RECORD EXTRACTS section start

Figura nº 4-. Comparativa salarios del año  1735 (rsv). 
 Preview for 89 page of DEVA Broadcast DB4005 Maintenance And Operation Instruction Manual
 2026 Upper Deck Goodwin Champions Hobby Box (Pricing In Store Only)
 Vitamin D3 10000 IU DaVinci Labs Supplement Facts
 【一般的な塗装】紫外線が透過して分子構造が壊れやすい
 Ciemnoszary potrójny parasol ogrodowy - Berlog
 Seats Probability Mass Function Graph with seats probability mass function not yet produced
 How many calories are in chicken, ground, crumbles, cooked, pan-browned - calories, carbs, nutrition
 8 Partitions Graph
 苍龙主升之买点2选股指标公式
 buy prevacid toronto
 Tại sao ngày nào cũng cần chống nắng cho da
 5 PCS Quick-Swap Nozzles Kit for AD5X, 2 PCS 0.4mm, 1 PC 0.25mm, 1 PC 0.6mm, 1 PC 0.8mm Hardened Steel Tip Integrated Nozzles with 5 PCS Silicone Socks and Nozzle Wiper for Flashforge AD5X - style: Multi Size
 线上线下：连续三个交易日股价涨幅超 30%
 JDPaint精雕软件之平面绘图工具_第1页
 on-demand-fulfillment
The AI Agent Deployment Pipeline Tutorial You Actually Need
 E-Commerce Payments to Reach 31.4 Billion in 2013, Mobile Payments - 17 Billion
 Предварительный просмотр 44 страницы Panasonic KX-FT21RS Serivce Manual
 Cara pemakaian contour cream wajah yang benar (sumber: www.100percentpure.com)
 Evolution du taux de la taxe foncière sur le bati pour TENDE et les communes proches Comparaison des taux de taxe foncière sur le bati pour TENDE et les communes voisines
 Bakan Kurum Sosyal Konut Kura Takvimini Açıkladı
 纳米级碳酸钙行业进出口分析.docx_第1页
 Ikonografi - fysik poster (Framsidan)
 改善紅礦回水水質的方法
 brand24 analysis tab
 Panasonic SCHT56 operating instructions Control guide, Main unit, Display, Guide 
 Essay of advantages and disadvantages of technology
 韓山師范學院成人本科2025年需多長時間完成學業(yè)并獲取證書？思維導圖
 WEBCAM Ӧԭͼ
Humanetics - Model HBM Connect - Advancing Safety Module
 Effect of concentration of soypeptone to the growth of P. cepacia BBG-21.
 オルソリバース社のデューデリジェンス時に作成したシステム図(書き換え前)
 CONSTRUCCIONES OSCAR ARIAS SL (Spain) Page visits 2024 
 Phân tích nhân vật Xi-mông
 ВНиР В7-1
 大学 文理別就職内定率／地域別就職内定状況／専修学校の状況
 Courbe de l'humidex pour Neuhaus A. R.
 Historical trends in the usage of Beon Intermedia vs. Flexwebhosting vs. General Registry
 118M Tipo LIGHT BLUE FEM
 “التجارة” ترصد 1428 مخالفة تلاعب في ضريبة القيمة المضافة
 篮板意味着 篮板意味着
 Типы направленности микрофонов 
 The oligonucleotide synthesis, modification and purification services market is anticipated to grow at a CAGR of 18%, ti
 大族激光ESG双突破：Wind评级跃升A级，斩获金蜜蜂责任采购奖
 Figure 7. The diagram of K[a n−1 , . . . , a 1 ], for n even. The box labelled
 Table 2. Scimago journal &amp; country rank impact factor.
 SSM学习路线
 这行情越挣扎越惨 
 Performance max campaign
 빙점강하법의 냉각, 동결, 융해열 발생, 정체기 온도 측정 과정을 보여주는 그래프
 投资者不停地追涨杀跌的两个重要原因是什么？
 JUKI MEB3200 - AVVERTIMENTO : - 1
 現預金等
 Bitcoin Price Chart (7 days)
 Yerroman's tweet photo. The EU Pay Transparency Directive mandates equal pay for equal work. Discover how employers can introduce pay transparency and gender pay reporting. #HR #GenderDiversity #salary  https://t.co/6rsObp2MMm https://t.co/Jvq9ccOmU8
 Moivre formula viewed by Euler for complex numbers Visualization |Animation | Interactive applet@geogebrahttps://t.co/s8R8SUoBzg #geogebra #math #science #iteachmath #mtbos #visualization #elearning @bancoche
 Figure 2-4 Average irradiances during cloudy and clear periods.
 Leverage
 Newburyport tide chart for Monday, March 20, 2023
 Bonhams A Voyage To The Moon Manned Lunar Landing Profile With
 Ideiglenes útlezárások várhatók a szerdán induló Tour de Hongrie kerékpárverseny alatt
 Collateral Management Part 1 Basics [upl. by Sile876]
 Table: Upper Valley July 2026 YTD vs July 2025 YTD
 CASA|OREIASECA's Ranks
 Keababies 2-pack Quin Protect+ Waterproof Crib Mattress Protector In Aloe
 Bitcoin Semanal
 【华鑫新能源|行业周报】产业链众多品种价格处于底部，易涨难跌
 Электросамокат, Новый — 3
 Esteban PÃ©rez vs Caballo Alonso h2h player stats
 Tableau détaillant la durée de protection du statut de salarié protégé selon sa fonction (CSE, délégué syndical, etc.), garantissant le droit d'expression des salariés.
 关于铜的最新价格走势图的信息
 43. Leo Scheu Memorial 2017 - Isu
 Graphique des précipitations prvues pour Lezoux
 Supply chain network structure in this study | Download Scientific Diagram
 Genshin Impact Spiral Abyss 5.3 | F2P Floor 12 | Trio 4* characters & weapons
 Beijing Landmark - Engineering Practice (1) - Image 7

RECORD EXTRACTS section end

**WHAT TO WORK ON:** A word-for-word repeat of the full data is needed.

**EXERCISE RESULT:**
Figura nº 4-. Comparativa salarios del año  1735 (rsv). 
 Preview for 89 page of DEVA Broadcast DB4005 Maintenance And Operation Instruction Manual
 2026 Upper Deck Goodwin Champions Hobby Box (Pricing In Store Only)
 Vitamin D3 10000 IU DaVinci Labs Supplement Facts
 【一般的な塗装】紫外線が透過して分子構造が壊れやすい
 Ciemnoszary potrójny parasol ogrodowy - Berlog
 Seats Probability Mass Function Graph with seats probability mass function not yet produced
 How many calories are in chicken, ground, crumbles, cooked, pan-browned - calories, carbs, nutrition
 8 Partitions Graph
 苍龙主升之买点2选股指标公式
 buy prevacid toronto
 Tại sao ngày nào cũng cần chống nắng cho da
 5 PCS Quick-Swap Nozzles Kit for AD5X, 2 PCS 0.4mm, 1 PC 0.25mm, 1 PC 0.6mm, 1 PC 0.8mm Hardened Steel Tip Integrated Nozzles with 5 PCS Silicone Socks and Nozzle Wiper for Flashforge AD5X - style: Multi Size
 线上线下：连续三个交易日股价涨幅超 30%
 JDPaint精雕软件之平面绘图工具_第1页
 on-demand-fulfillment
The AI Agent Deployment Pipeline Tutorial You Actually Need
 E-Commerce Payments to Reach 31.4 Billion in 2013, Mobile Payments - 17 Billion
 Предварительный просмотр 44 страницы Panasonic KX-FT21RS Serivce Manual
 Cara pemakaian contour cream wajah yang benar (sumber: www.100percentpure.com)
 Evolution du taux de la taxe foncière sur le bati pour TENDE et les communes proches Comparaison des taux de taxe foncière sur le bati pour TENDE et les communes voisines
 Bakan Kurum Sosyal Konut Kura Takvimini Açıkladı
 纳米级碳酸钙行业进出口分析.docx_第1页
 Ikonografi - fysik poster (Framsidan)
 改善紅礦回水水質的方法
 brand24 analysis tab
 Panasonic SCHT56 operating instructions Control guide, Main unit, Display, Guide 
 Essay of advantages and disadvantages of technology
 韓山師范學院成人本科2025年需多長時間完成學業(yè)并獲取證書？思維導圖
 WEBCAM Ӧԭͼ
Humanetics - Model HBM Connect - Advancing Safety Module
 Effect of concentration of soypeptone to the growth of P. cepacia BBG-21.
 オルソリバース社のデューデリジェンス時に作成したシステム図(書き換え前)
 CONSTRUCCIONES OSCAR ARIAS SL (Spain) Page visits 2024 
 Phân tích nhân vật Xi-mông
 ВНиР В7-1
 大学 文理別就職内定率／地域別就職内定状況／専修学校の状況
 Courbe de l'humidex pour Neuhaus A. R.
 Historical trends in the usage of Beon Intermedia vs. Flexwebhosting vs. General Registry
 118M Tipo LIGHT BLUE FEM
 “التجارة” ترصد 1428 مخالفة تلاعب في ضريبة القيمة المضافة
 篮板意味着 篮板意味着
 Типы направленности микрофонов 
 The oligonucleotide synthesis, modification and purification services market is anticipated to grow at a CAGR of 18%, ti
 大族激光ESG双突破：Wind评级跃升A级，斩获金蜜蜂责任采购奖
 Figure 7. The diagram of K[a n−1 , . . . , a 1 ], for n even. The box labelled
 Table 2. Scimago journal &amp; country rank impact factor.
 SSM学习路线
 这行情越挣扎越惨 
 Performance max campaign
 빙점강하법의 냉각, 동결, 융해열 발생, 정체기 온도 측정 과정을 보여주는 그래프
 投资者不停地追涨杀跌的两个重要原因是什么？
 JUKI MEB3200 - AVVERTIMENTO : - 1
 現預金等
 Bitcoin Price Chart (7 days)
 Yerroman's tweet photo. The EU Pay Transparency Directive mandates equal pay for equal work. Discover how employers can introduce pay transparency and gender pay reporting. #HR #GenderDiversity #salary  https://t.co/6rsObp2MMm https://t.co/Jvq9ccOmU8
 Moivre formula viewed by Euler for complex numbers Visualization |Animation | Interactive applet@geogebrahttps://t.co/s8R8SUoBzg #geogebra #math #science #iteachmath #mtbos #visualization #elearning @bancoche
 Figure 2-4 Average irradiances during cloudy and clear periods.
 Leverage
 Newburyport tide chart for Monday, March 20, 2023
 Bonhams A Voyage To The Moon Manned Lunar Landing Profile With
 Ideiglenes útlezárások várhatók a szerdán induló Tour de Hongrie kerékpárverseny alatt
 Collateral Management Part 1 Basics [upl. by Sile876]
 Table: Upper Valley July 2026 YTD vs July 2025 YTD
 CASA|OREIASECA's Ranks
 Keababies 2-pack Quin Protect+ Waterproof Crib Mattress Protector In Aloe
 Bitcoin Semanal
 【华鑫新能源|行业周报】产业链众多品种价格处于底部，易涨难跌
 Электросамокат, Новый — 3
 Esteban PÃ©rez vs Caballo Alonso h2h player stats
 Tableau détaillant la durée de protection du statut de salarié protégé selon sa fonction (CSE, délégué syndical, etc.), garantissant le droit d'expression des salariés.
 关于铜的最新价格走势图的信息
 43. Leo Scheu Memorial 2017 - Isu
 Graphique des précipitations prvues pour Lezoux
 Supply chain network structure in this study | Download Scientific Diagram
 Genshin Impact Spiral Abyss 5.3 | F2P Floor 12 | Trio 4* characters & weapons
 Beijing Landmark - Engineering Practice (1) - Image 7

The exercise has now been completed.